NASA officials at the Baikonur Cosmodrome for Tuesday’s launch acknowledged that plans for the space shuttle Atlantis to pluck Thagard and two Russian cosmonauts from Mir in June remain shaky.
Numerous structural alterations must be implemented by the Russian cosmonauts on Mir before that will be possible, said Tommy Holloway, the NASA official overseeing the Atlantis-Mir hookup. The shuttle would be the first non-Russian spaceship to link with Mir.
“If the Russian integration takes longer, the date will have to be adjusted,” Holloway said.
The uncertainty stems from disruptions in the Russian space program, complicated by Russian customs officials who delayed U.S. equipment needed to reconfigure the Mir for docking with the shuttle.
The equipment will be carried to Mir aboard a new unmanned Russian space module called Spketr. It was supposed to have been launched in February but won’t be launched until May 10, according to NASA officials.

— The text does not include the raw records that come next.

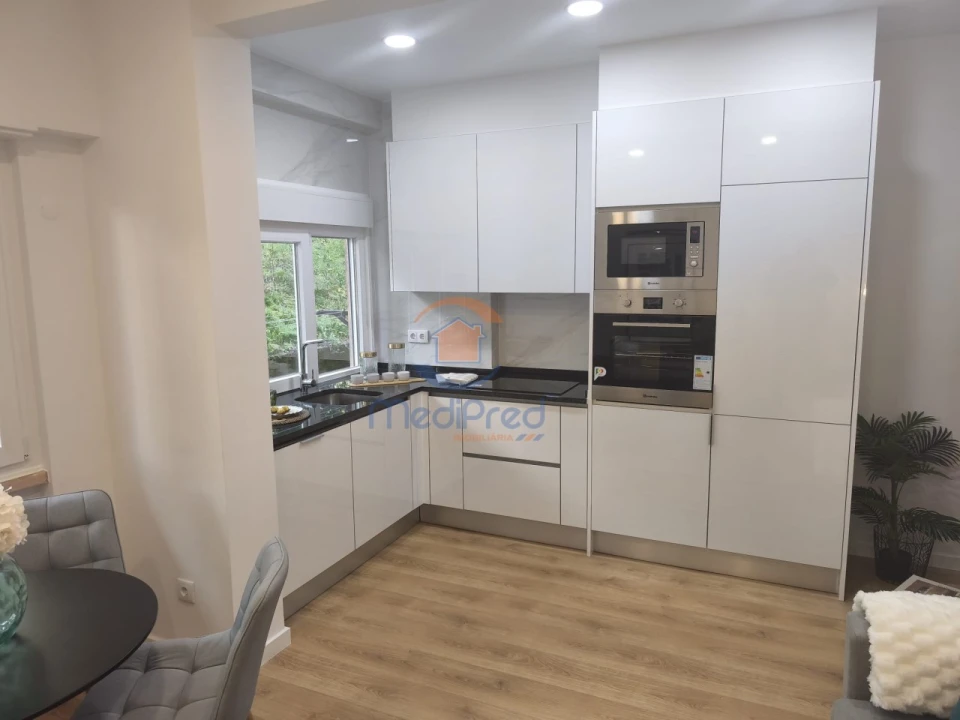 Apartamento T2 para Venda em Benfica Foto 2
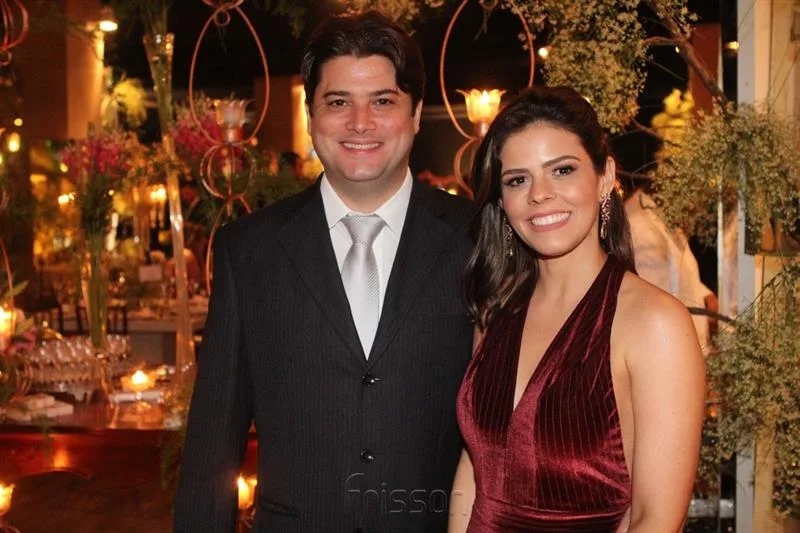 Adriano e Josy Costa
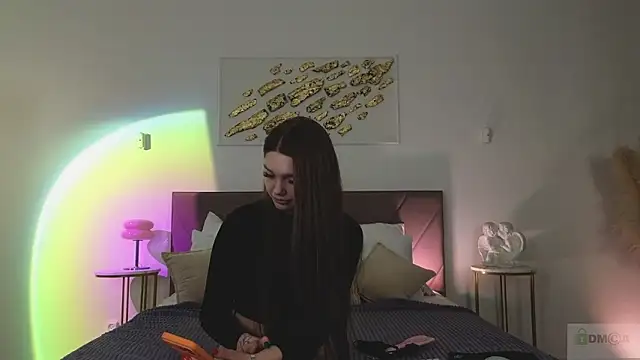 Nicole Broown  online show from 02/13/26, 09:04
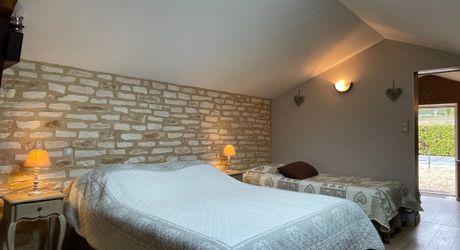 En Périgord noir, Unique, ancien moulin rénové avec aquarium intérieur.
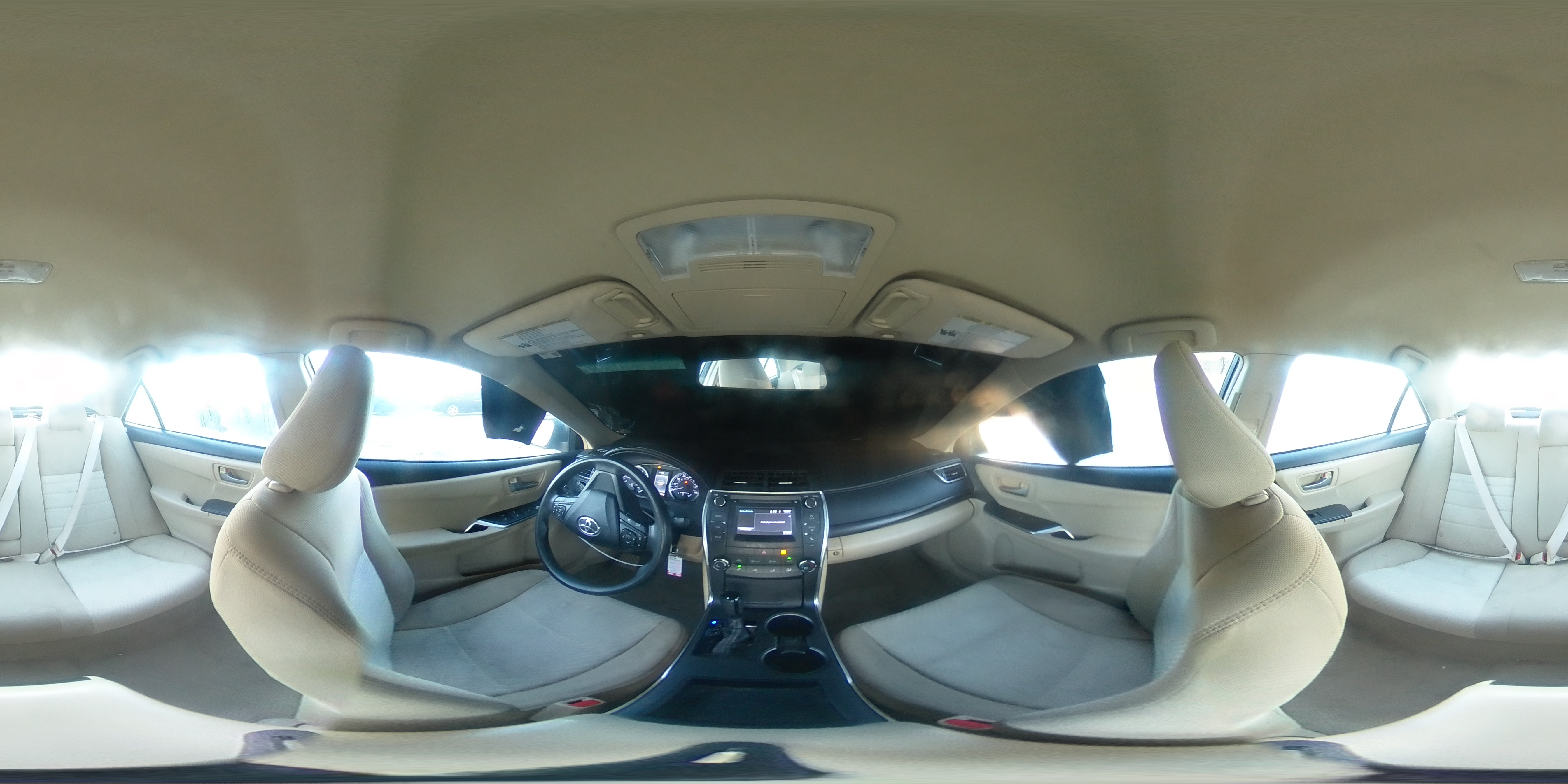 2016 Toyota Camry - Image 13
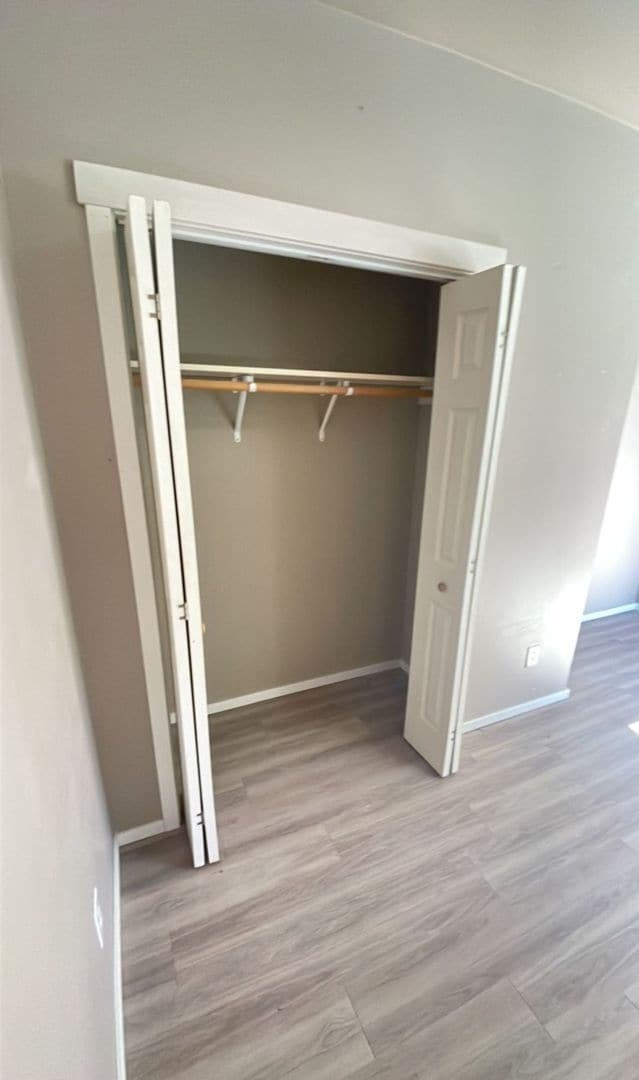 Building Photo - 1111/1113/1115 N Garden St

That gives the two cosmonauts aboard Mir about a month to undertake extensive remodeling-involving four separate space walks-to prepare the space station for Atlantis’ arrival.
As a result, Thagard’s stay in space may exceed the planned three months, which in itself would set an American record for time in orbit.
Even so, the Russians proved Tuesday they still can stage a perfectly executed, precisely-timed launch.
The sleek white Soyuz rocket with a blue and a red stripe lifted off its launch pad on the frigid, windblown steppe of central Asia at 11:11 a.m. (12:11 a.m. CST), sending Thagard and Russian cosmonauts Vladimir Dezhurov and Gennady Strekalov into orbit.
“Our grandchildren will look at this in history books,” said Holloway, predicting the developing U.S.-Russian program will “allow us to do bigger and better things in space.”
Thagard, 51, a Florida physician and former fighter pilot, was the first American launched by the Russians into space and on Thursday he is due to become the first American to set foot on Mir.
Tuesday’s launch was the first of a series that will keep Russians and Americans working together on the aging Russian space station through 1997. They will be preparing for and then constructing in space a new international station that is supposed to be ready for its first occupants in 1998. It is expected to be used for more than a decade, and possibly for two, for scientific experimentation and research.